━━ Task input

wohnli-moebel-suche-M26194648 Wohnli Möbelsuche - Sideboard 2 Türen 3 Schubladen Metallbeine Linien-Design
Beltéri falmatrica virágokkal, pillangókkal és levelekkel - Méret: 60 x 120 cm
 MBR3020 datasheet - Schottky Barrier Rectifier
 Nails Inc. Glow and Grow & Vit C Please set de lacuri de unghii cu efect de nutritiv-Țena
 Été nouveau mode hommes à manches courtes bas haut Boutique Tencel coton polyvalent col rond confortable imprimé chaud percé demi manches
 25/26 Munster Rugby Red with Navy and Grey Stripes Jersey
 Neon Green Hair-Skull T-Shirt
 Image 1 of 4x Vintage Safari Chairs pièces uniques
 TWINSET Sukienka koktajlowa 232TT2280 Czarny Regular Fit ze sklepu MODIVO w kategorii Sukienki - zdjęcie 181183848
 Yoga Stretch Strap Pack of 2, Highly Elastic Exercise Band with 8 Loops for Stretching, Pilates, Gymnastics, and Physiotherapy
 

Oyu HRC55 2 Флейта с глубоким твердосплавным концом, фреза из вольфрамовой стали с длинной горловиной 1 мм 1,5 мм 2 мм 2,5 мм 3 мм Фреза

━━━━

→ Work required:
From the material above, set down exactly the lines between the line holding "Été nouveau mode" and the line holding "Image 1 of 4x", inclusive. Include nothing else.

→ Output:
 Été nouveau mode hommes à manches courtes bas haut Boutique Tencel coton polyvalent col rond confortable imprimé chaud percé demi manches
 25/26 Munster Rugby Red with Navy and Grey Stripes Jersey
 Neon Green Hair-Skull T-Shirt
 Image 1 of 4x Vintage Safari Chairs pièces uniques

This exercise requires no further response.